Trump calls for unity in victory speech
NEW YORK -- After waging a fiercely divisive campaign, Donald Trump called for unifying Americans after he won the presidential race early Wednesday.
NEW YORK - After waging a fiercely divisive campaign, Donald Trump called for unifying Americans after he won the presidential race early Wednesday.
“Now it’s time for America to bind the wounds of division,” he told cheering supporters at a Manhattan hotel. “To all Republicans and Democrats and independents across this nation, I say it is time for us to come together as one united people. It’s time. I pledge to every citizen of our land that I will be president for all Americans.”
Trump said he had received a call from Democratic nominee Hillary Clinton conceding the race and congratulating him on his win. He said he congratulated Clinton on the hard-fought campaign and had only words of praise for the one-time rival he regularly referred to as “Crooked Hillary” on the campaign trail.
“Hillary has worked very long and very hard over a long period of time, and we owe her a major debt of gratitude for service to the country,” Trump said. “I mean that very sincerely.”
In his 15-minute speech, Trump said he planned to focus on growing the economy, infrastructure projects that would put millions of Americans to work and caring for veterans. There was no mention of mainstays of his campaign rhetoric, such as building an enormous wall along the Southern border and making Mexico pay for it or ripping up trade deals.
Instead, he pledged to work with other nations.
“We will seek common ground, not hostility.
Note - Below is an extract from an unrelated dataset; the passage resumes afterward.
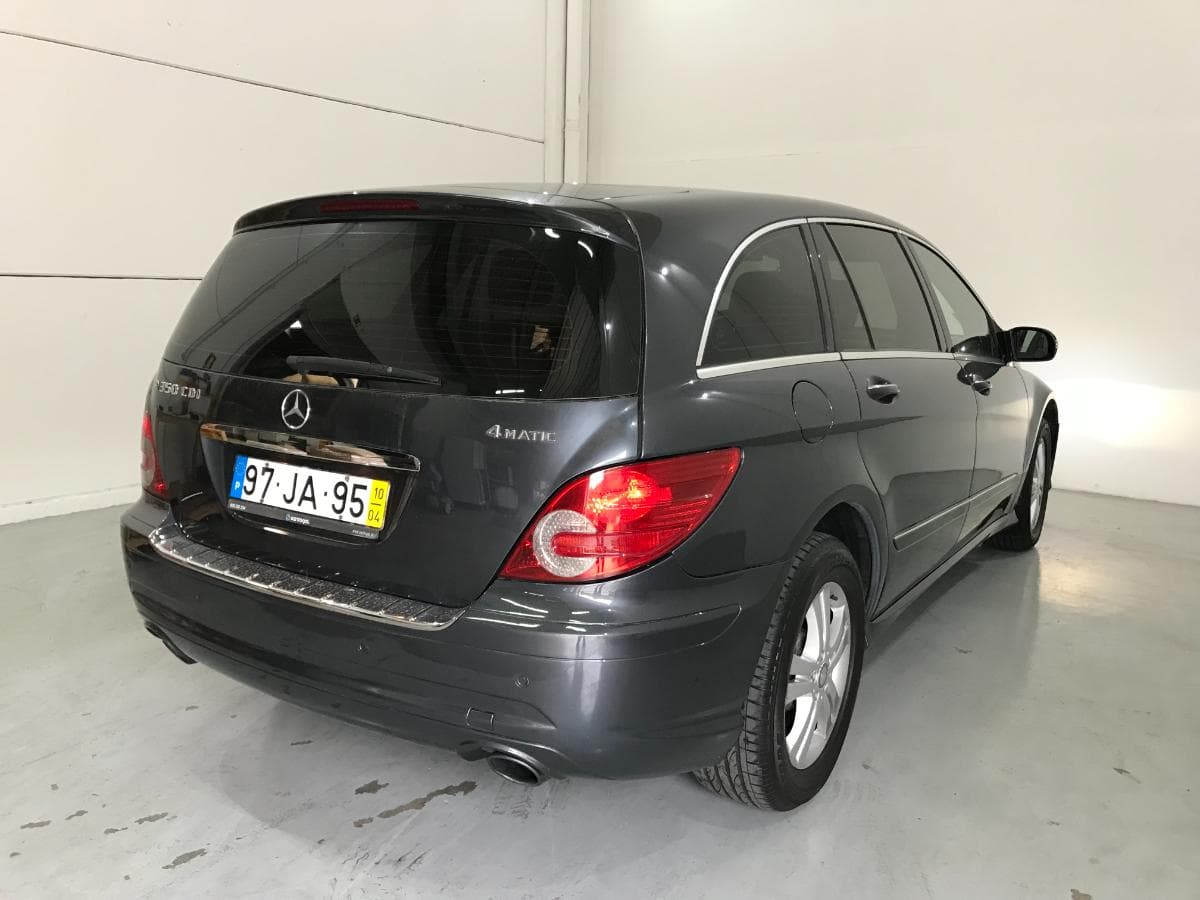 Mercedes-Benz R350 CDI 4-Matic · Ano 2010 — image 4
Partnership, not conflict,” Trump said.
Jubilation at Donald Trump’s New York election-night party built gradually Tuesday as he racked up battleground-state victories, each of them announced by Fox News anchors on huge television monitors bracketing a hotel ballroom stage.
Ohio drew the first big burst of cheers, but it was not entirely a surprise after weeks of polls showing Trump running ahead of Hillary Clinton there.
“That puts us on a path for a really, really good night,” said Sarah Huckabee, a senior Trump adviser. “It’s going to be a long night, but I think we’re in for a good night for Donald Trump.”
The next win, North Carolina, sparked louder applause. It was a more hard-fought contest. Clinton had staged a midnight rally in Raleigh on the eve of the election, and President Barack Obama and first lady Michelle Obama both made repeated visits in what turned out to be a vain effort to inspire the state’s black voters.
Florida soon followed, and the mood turned giddy, with a constant din as Trump’s supporters, many wearing red “Make America great again” caps, marveled at the possibility that he could really pull it off.
But it was Fox’s call of Trump’s win in Wisconsin, where Clinton was heavily favored, that really sent the room into a frenzy. People screamed, waved their red caps in the air and leaped into one another’s arms. One woman lost her high heel. Another called out: “If he won this, my husband works in the White House.”
“Look at this excitement,” said Sasha Epshteyn, 50, a Russian immigrant wearing one of the red caps. “People laughing, people cheering, people kissing each other.”
No network had yet called the election for Trump, but Epshteyn, a New Jersey telecommunications manager, said he was “150 percent sure” Trump had captured the White House.
Laura Loomer said she was “jumping up with joy” at Trump’s victories in Florida, Ohio and North Carolina.
“Now I feel redeemed,” said Loomer, 23, a journalist.
“He’s going to go to Washington and take a sledgehammer to everything,” Loomer said.